In late April of 2014, the Air Force inaugurated a new capability for GPS satellites with the broadcast of two new signals. GPS users wouldn't have noticed any difference because no current GPS recovers are set up to use these signals yet, but these civilian navigation (CNAV) signals will soon provide more accuracy and redundancy
The new signals are called L2C and L5. They join the standard L1 and L2 signals that GPS satellites have broadcast since the beginning (the L3 frequency transmits data on detected nuclear detonations in the atmosphere; the L4 frequency is not used).
The 1575.42 MHz L1 frequency broadcasts both the civilian signal and an encrypted precision military signal (exactly how these two data streams are modulated onto a single frequency is an obscure topic beyond our scope here).

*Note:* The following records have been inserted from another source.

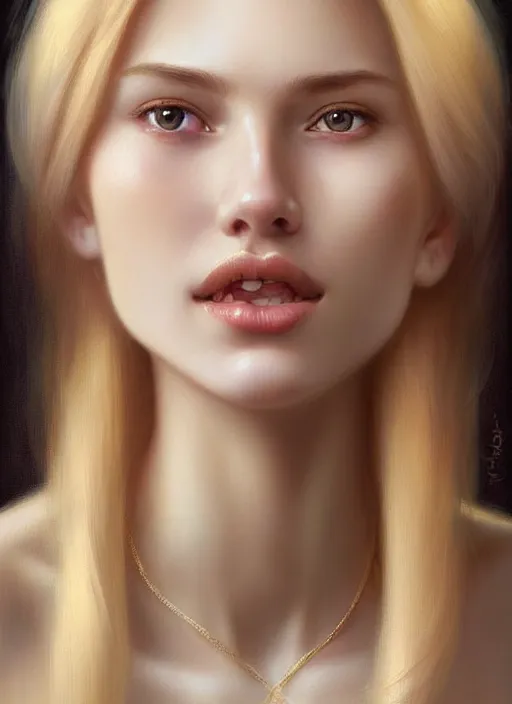 Image similar to beautiful feminine face! portrait of young woman blessed by god with ever - increasing physical mental perfection, blonde hair, symmetrical! intricate, elegant, highly detailed, holy perfection!! smile, plush lips, digital painting, artstation, concept art, smooth, sharp focus, illustration, art by artgerm and greg rutkowski and alphonse mucha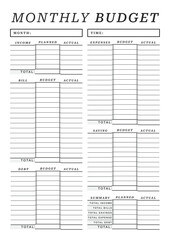 Obraz premium Monthly Budget Planner | Income Expense Savings Tracking Template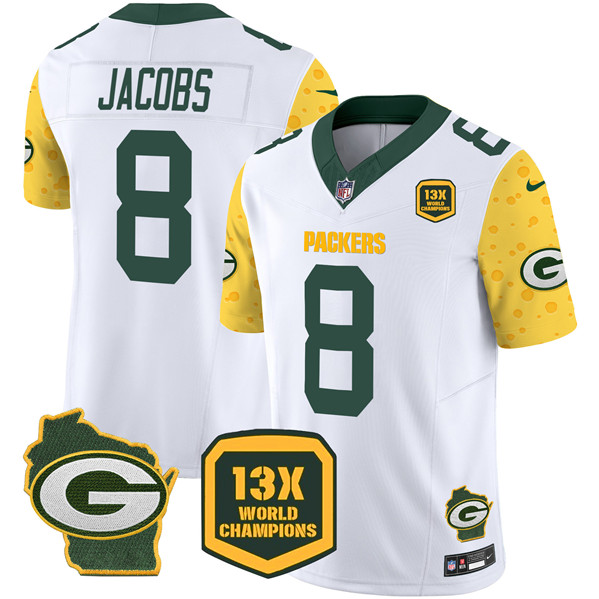 Men's Green Bay Packers #8 Josh Jacobs Cheese White 2024 F.U.S.E. 13 Time World Champions And Home Patch Vapor Untouchable Limited Stitched Football Jersey Men's Green Bay Packers #8 Josh Jacobs Cheese White 2024 F.U.S.E. 13 Time World Champions And Home Patch Vapor Untouchable Limited Stitched Football Jersey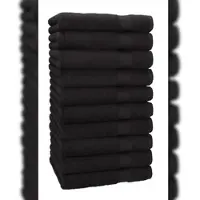 Betz 10 Stück Handtücher PREMIUM 100% Baumwolle Größe 50x100 cm Farbe schwarz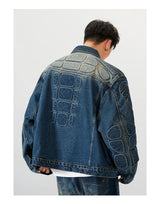 trendy coat featuring 2024 spring autumn new oversized armor padded jean coat for men turtle shell ripped denim jacket for men super size clothes design – premium quality jacket for men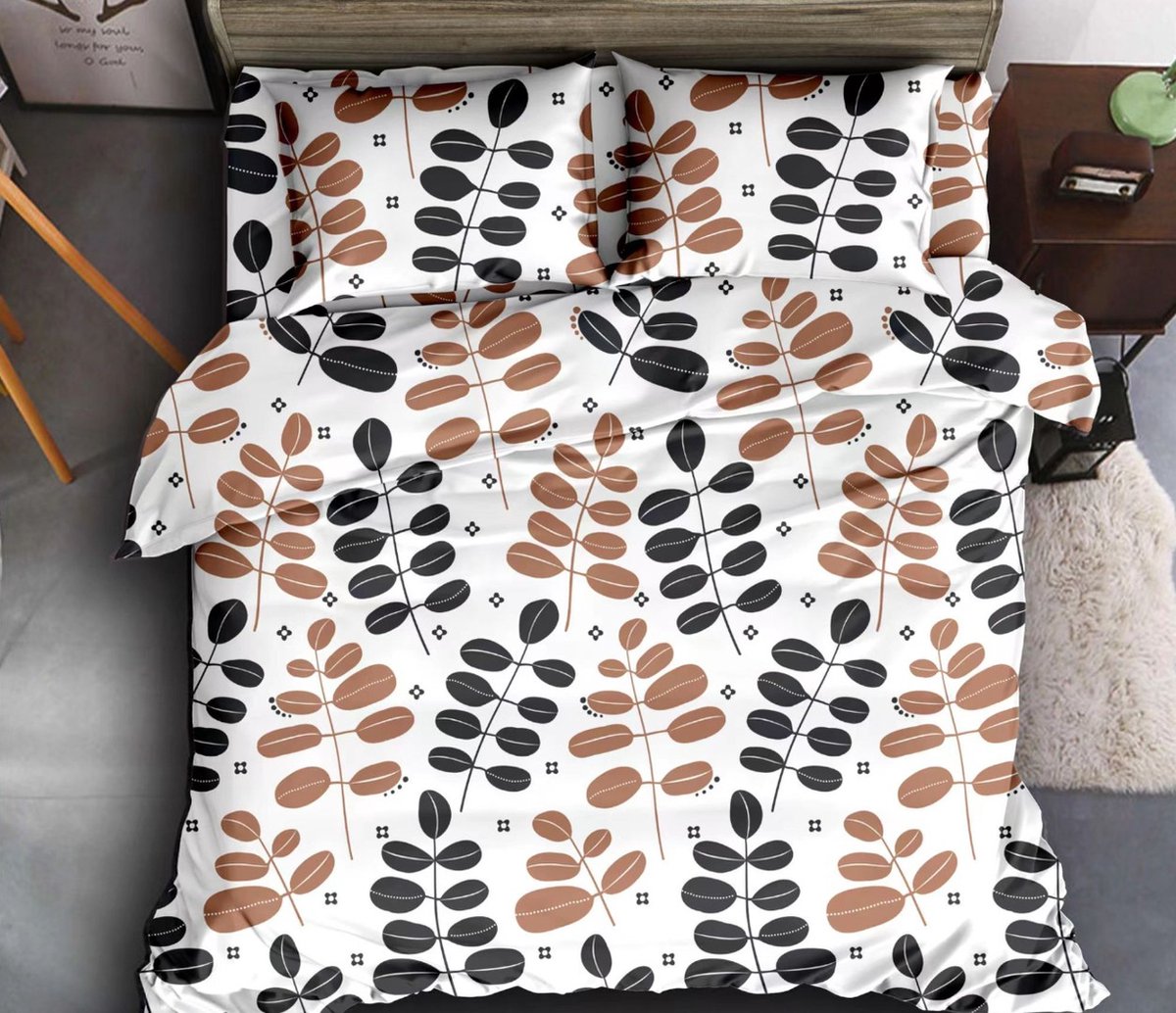 Dekbedovertrek Micropercal - Lits-Jumeaux - 240 x 220 cm - CoffeeLeaf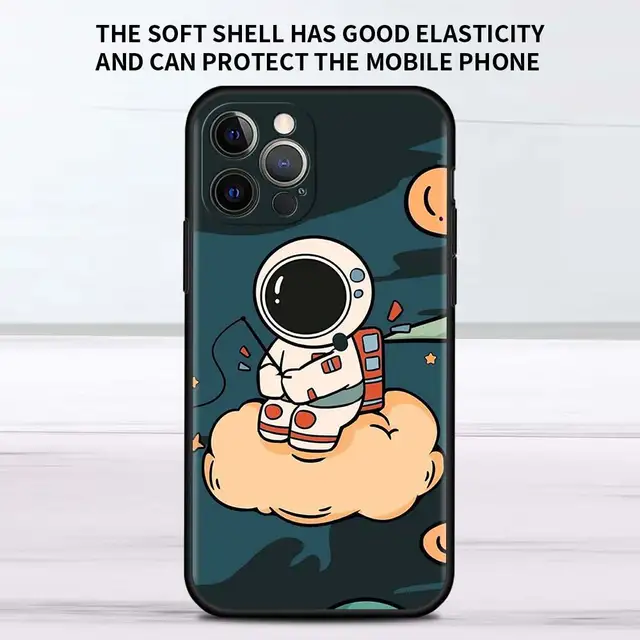 Star Astronaut Cute Case For Apple iPhone 11 13 12 Pro 7 XR X XS Max 8 6 6S Plus 5 5S SE 2020 13Pro Black Phone Cover Capa B10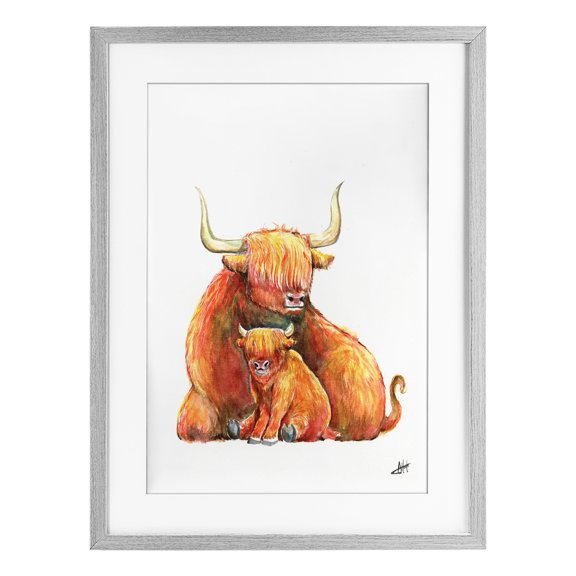 Stupell Industries Yakety Yak Cattle Gray Framed Print Under Glass, design by Marc Allante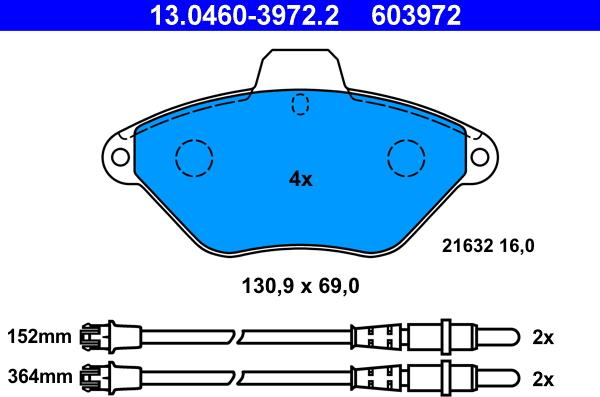 ATE 13.0460-3972.2 - Brake Pad Set, disc brake autospares.lv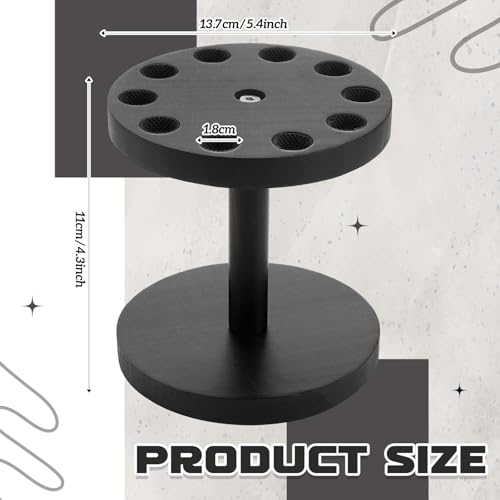 Threehoney 360° Rotating Scissor Holder for Hair Stylist - Black Wooden Stand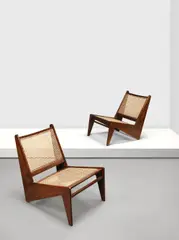 Pierre Jeanneret, A Pair of PJ-SI-59 Low Easy Chairs circa 1955 designed for Chandigarh, Teak, woven cane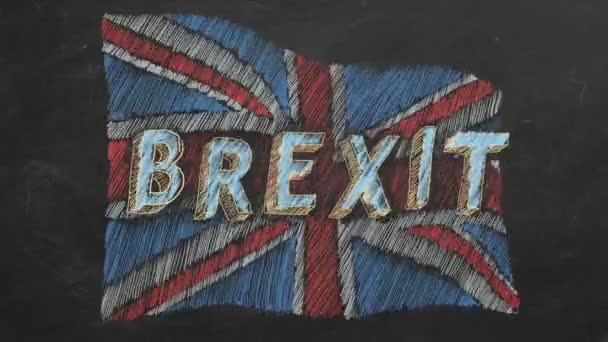 Desenho Mão Bandeira Britânica Animada Com Texto Brexit Quadro Negro — Vídeo de Stock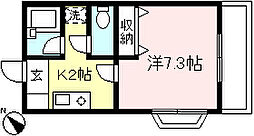 ベルドールＡ 2階1Kの間取り
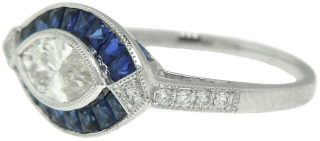 Platinum diamond and sapphire ring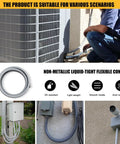 Pro Grade Kickass 1 Inch Flexible Liquid Tight Conduit Kit With Smooth PVC Interior protects cables outdoors, showing installation.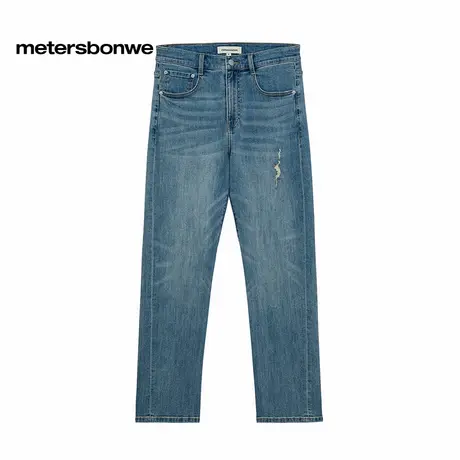 美特斯邦威牛仔裤男款2025秋季新款做旧复古洗水休闲直筒牛仔长裤图片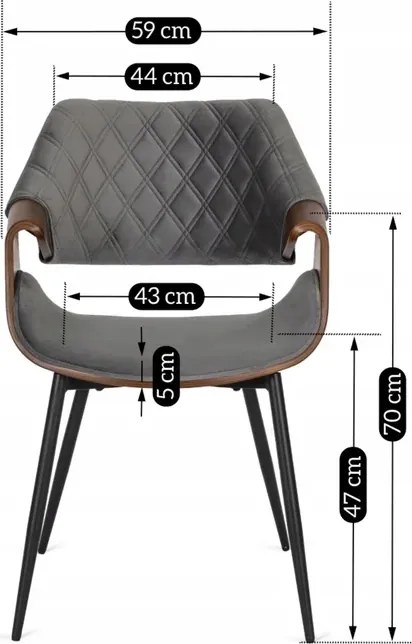Zestaw Stół Rozkładany Ceramiczny LIZBONA 160-200 cm Czarny/Orzech i 4 Krzesła DAKOTA Szare/Orzech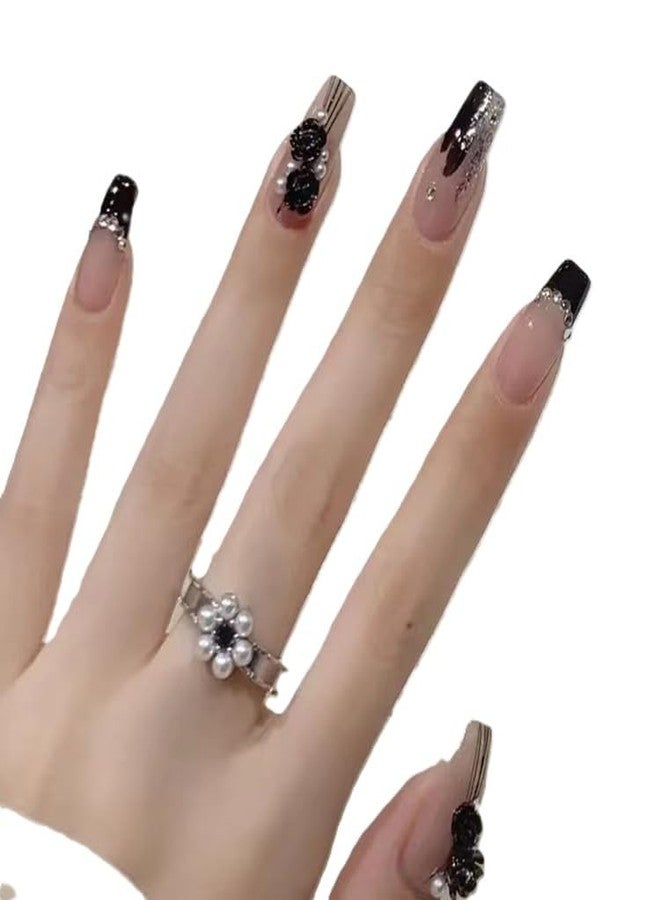 KRESHU 24Pcs Black Flower Diamonds False Nail Full Cover Fake Nail Elegant Glitter French Nails Coffin Flase Nail Press on Nails for Women & Girls, Halloween Wedding Gifts(1-Set) - Image 1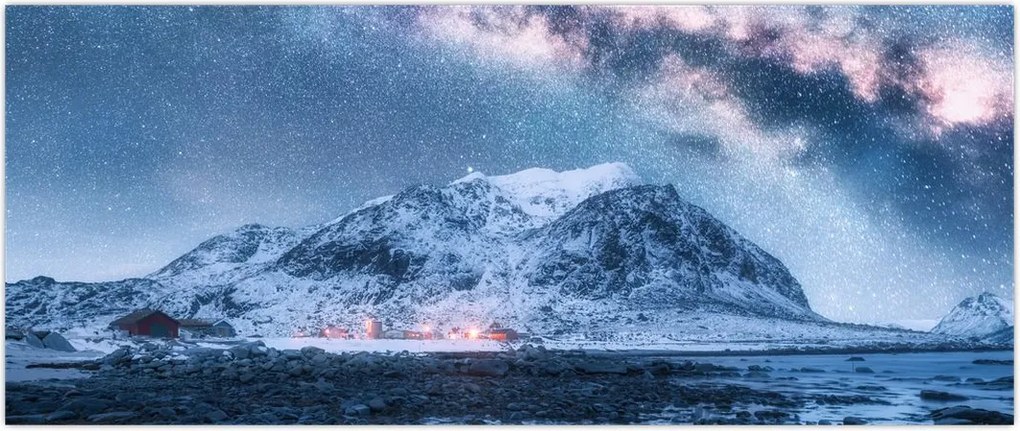 Tablou cu munți și ceul cu stele (120x50 cm)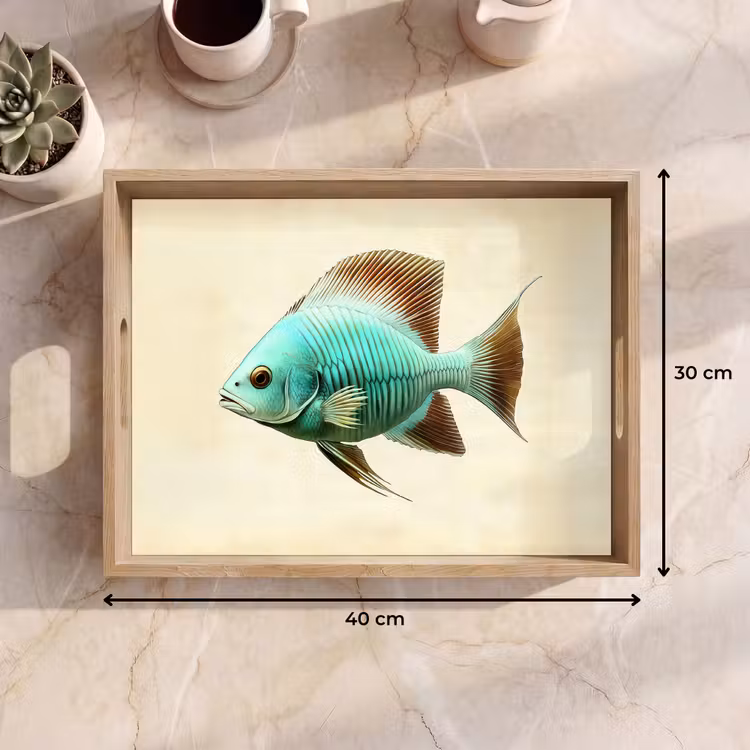 Tablett - Schuppen - Fisch - Minze - Minimalistisch — 7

Meanwhile, the 1227.60 MHz L2 signal also receives multiple modulation inputs and sends data for a second encrypted precision military signal.
Note that military receivers have two signals available. This is important for maximum accuracy because a important source of error is caused by GPS signals passing through the charged particles in the ionosphere. If you are receiving just one signal, you have no way of knowing how much error has been incurred. However, with two known frequencies you can compare them, determine the effect of the ionosphere and remove it from your calculations.
Now, the new L2C signal will provide a second civilian signal, allowing civilian GPS receivers to cancel out ionospheric error, making them more accurate.
The other new signal at 1176.45 MHz is L5. This signal will provide several advantages, including higher transmit power than the signals at the L1 and L2 frequencies, will provide a back up signal and it modern signal design will give it robust forward error correction and multiple message types. It is broadcast at a frequency in the aviation frequency band and will be used extensively by civilian airliners.
Right now the Air Force is testing the L2C and L5 frequencies, with initial operational capability set for December of 2014. Currently 13 of the 31 operational satellites can broadcast the L2C signal and six satellites can broadcast both L2C and L5. As the other six of the Block IIF satellites and the new Block IIIA spacecraft are launched into the the constellation, all GPS satellites will eventually have the capability to send both L2C and L5. Users GPS units will need to be designed to take advantage of the added accuracy and redundancy of the new signals.
The upshot of these improvements will be even more accuracy and reliability from GPS.